> _Data extract_:
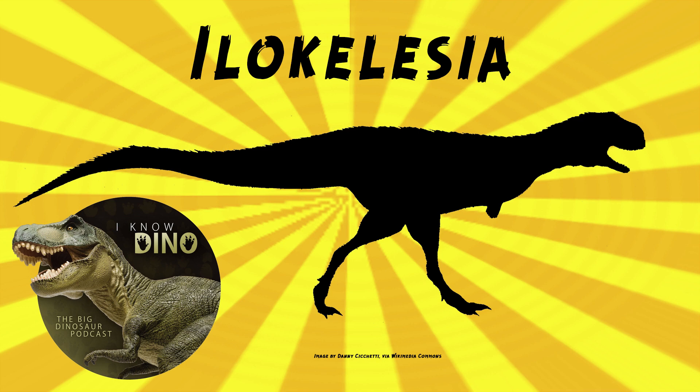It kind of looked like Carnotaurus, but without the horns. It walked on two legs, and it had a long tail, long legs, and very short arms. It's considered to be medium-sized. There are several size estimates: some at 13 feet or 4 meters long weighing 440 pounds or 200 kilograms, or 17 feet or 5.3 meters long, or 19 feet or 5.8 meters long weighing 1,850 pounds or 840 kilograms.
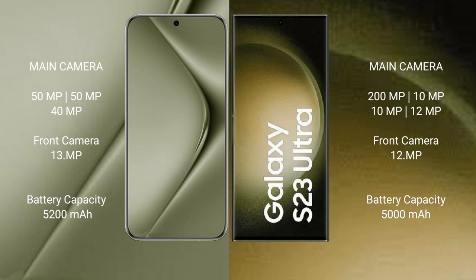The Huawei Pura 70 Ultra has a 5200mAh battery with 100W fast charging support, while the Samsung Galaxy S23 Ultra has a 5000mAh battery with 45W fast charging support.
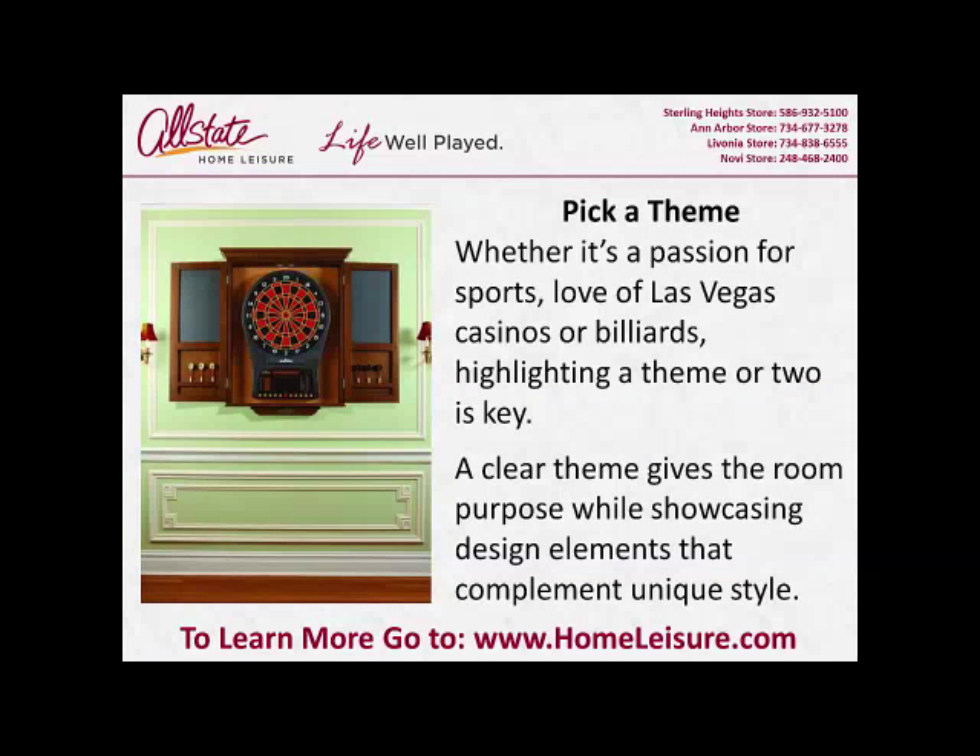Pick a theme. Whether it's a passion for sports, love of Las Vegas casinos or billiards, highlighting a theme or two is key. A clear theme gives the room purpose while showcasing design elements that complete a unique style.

> _Problem description_: Pictures aside, repeat every line of the data above exactly.

> _Finished task_:
It kind of looked like Carnotaurus, but without the horns. It walked on two legs, and it had a long tail, long legs, and very short arms. It's considered to be medium-sized. There are several size estimates: some at 13 feet or 4 meters long weighing 440 pounds or 200 kilograms, or 17 feet or 5.3 meters long, or 19 feet or 5.8 meters long weighing 1,850 pounds or 840 kilograms.
The Huawei Pura 70 Ultra has a 5200mAh battery with 100W fast charging support, while the Samsung Galaxy S23 Ultra has a 5000mAh battery with 45W fast charging support.
Pick a theme. Whether it's a passion for sports, love of Las Vegas casinos or billiards, highlighting a theme or two is key. A clear theme gives the room purpose while showcasing design elements that complete a unique style.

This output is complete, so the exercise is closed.